Seulement préoccupé de Louise, Morel n'entendait rien de ce qu'on disait autour de lui. Tout à coup une expression de joie amère éclaira son visage, il s'écria:

—Louise a quitté la maison du notaire... j'irai en prison de bon cœur... Mais, jetant un regard autour de lui, il s'écria: Et ma femme et sa mère... et mes autres enfants... qui les nourrira? On ne voudra pas me confier des pierres pour travailler en prison... on croira que c'est mon inconduite qui m'y envoie... Mais c'est donc la mort des miens, notre mort à tous, qu'il veut, le notaire?

—Une fois! deux fois! finirons-nous? dit Bourdin, ça nous embête, à la fin... Habillez-vous, et filons.

—Mes bons messieurs, pardon de ce que je vous ai dit tout à l'heure! s'écria Madeleine toujours couchée. Vous n'aurez pas le cœur d'emmener Morel... Qu'est-ce que vous voulez que je devienne avec mes cinq enfants et ma mère qui est folle? Tenez, la voyez-vous?... là, accroupie sur son matelas? elle est folle, mes bons messieurs!... elle est folle...

—La vieille tondue?

—Tiens! c'est vrai, elle est tondue, dit Malicorne; moi, je croyais qu'elle avait un serre-tête blanc...

—Mes enfants, jetez-vous aux genoux de ces bons messieurs, s'écria Madeleine, voulant, par un dernier effort, attendrir les recors; priez-les de ne pas emmener votre pauvre père... notre seul gagne-pain...

Malgré les ordres de leur mère, les enfants pleuraient effrayés, n'osant pas sortir de leur grabat.

À ce bruit inaccoutumé, à l'aspect des deux recors qu'elle ne connaissait pas, l'idiote commença à jeter des hurlements sourds en se rencognant contre la muraille.
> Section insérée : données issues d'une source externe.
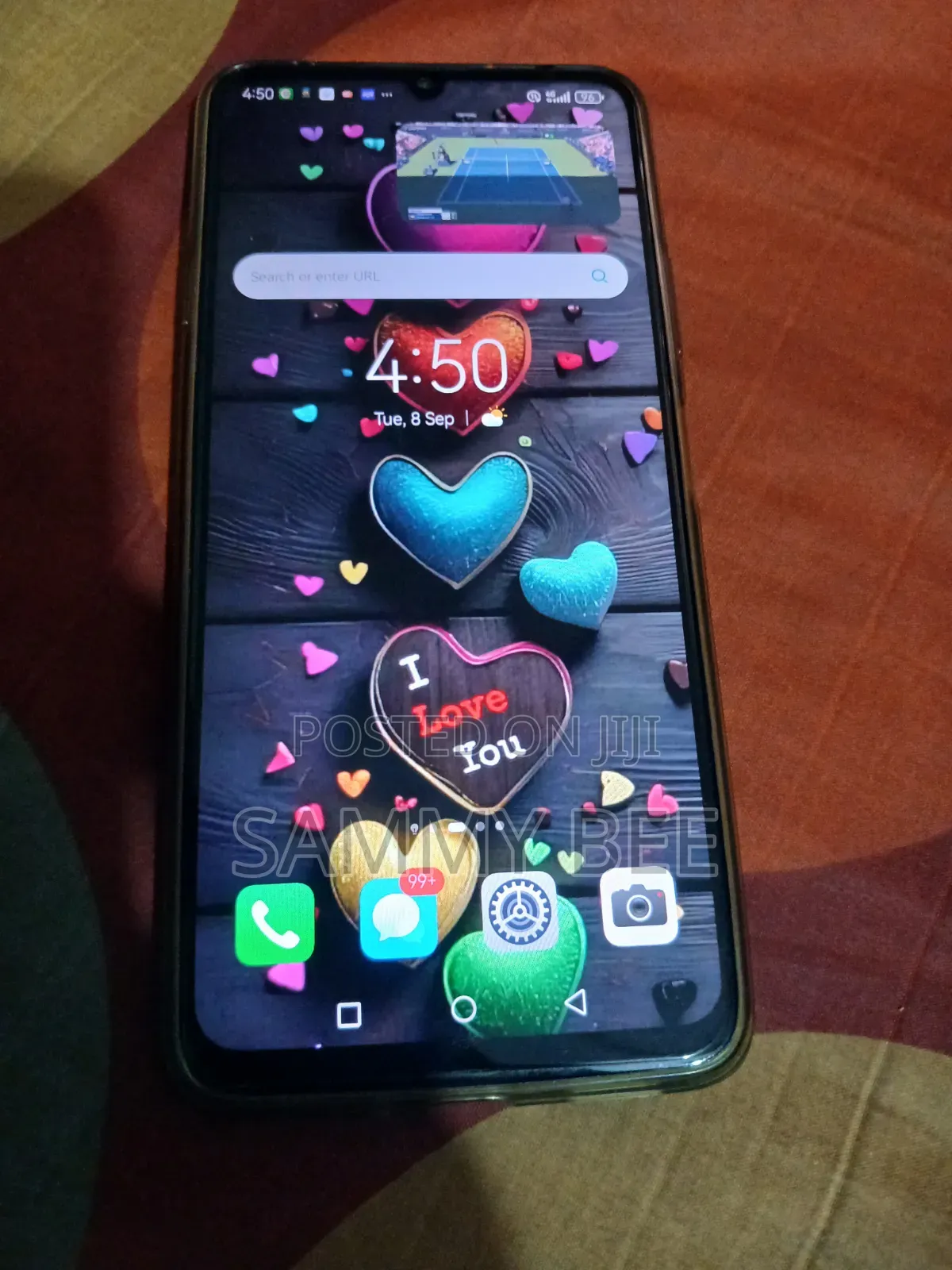 Huawei nova Y63 4G 128 GB Black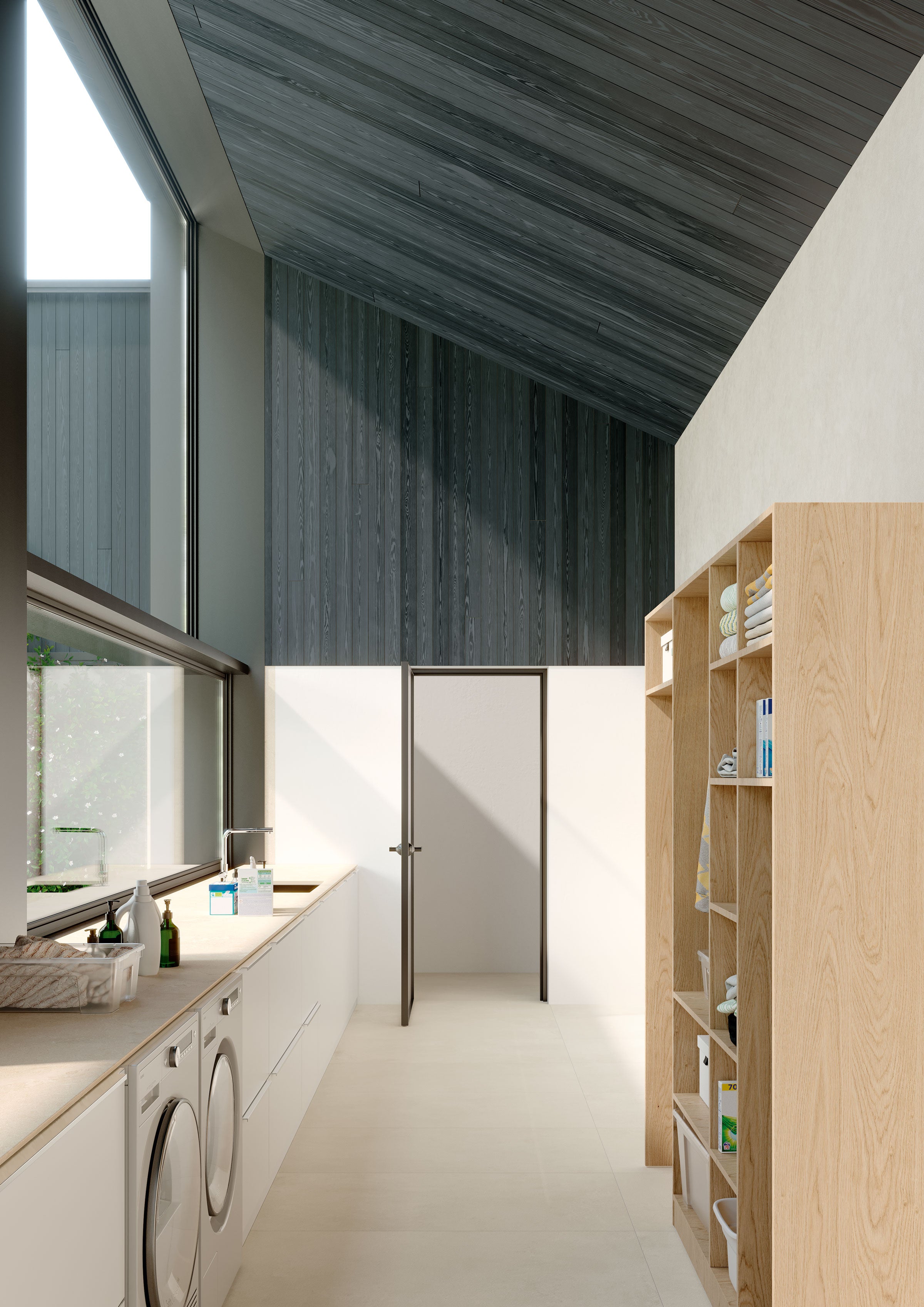 Imprint 24x48 Matte Porcelain Tile in Intaglio Kaolin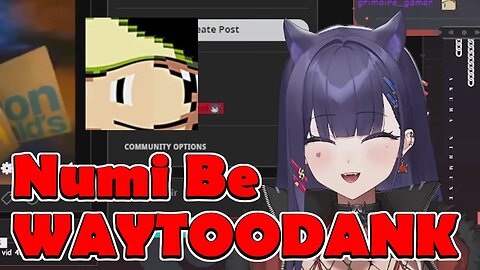 @AkumaNihmune Be WAYTOODANK #vtuber #clips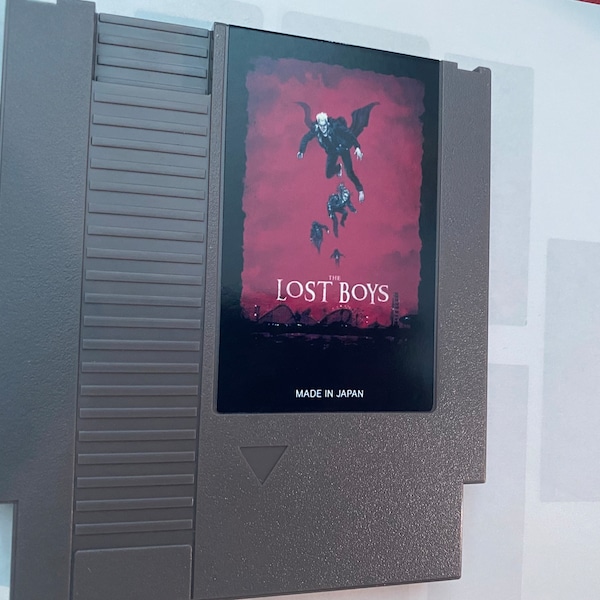 The Lost Boys - For Nintendo NES NTSC USA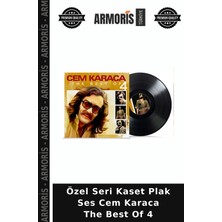 Armoris Özel Seri Kaset Plak Ses Cem Karaca The Best Of 4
Morel semblait étranger à ce qui se passait autour de lui; ce coup était si affreux, si inattendu, les conséquences de cette arrestation lui paraissaient si épouvantables, qu'il ne pouvait y croire... Déjà affaibli par des privations de toutes sortes, les forces lui manquaient; il restait pâle, hagard, assis sur son escabeau, affaissé sur lui-même, les bras pendants, la tête baissée sur sa poitrine...

—Ah çà! mille tonnerres!... ça finira-t-il? s'écria Malicorne. Est-ce que vous croyez qu'on est à la noce ici? Marchons, ou je vous empoigne.

Le recors mit sa main sur l'épaule de l'artisan et le secoua rudement.

Ces menaces, ce geste inspirèrent une grande frayeur aux enfants; les trois petits garçons sortirent de leur paillasse à moitié nus, et vinrent, éplorés, se jeter aux pieds des gardes du commerce, joignant les mains et criant d'une voix déchirante:

—Grâce! Ne tuez pas notre père!...

À la vue de ces malheureux enfants frissonnant de froid et d'épouvante, Bourdin, malgré sa dureté naturelle et son habitude de pareilles scènes, se sentit presque ému. Son camarade, impitoyable, dégagea brutalement sa jambe des étreintes des enfants qui s'y cramponnaient suppliants.

—Eh! hue donc, les moutards!... Quel chien de métier, si on avait toujours affaire à des mendiants pareils!...

Un épisode horrible rendit cette scène plus affreuse encore. L'aînée des petites filles, restée couchée dans la paillasse avec sa sœur malade, s'écria tout à coup:

—Maman, maman, je ne sais pas ce qu'elle a... Adèle... Elle est toute froide! Elle me regarde toujours... et elle ne respire plus...

La pauvre enfant phtisique venait d'expirer doucement sans une plainte, son regard toujours attaché sur celui de sa sœur qu'elle aimait tendrement...

Il est impossible de rendre le cri que jeta la femme du lapidaire à cette affreuse révélation, car elle comprit tout.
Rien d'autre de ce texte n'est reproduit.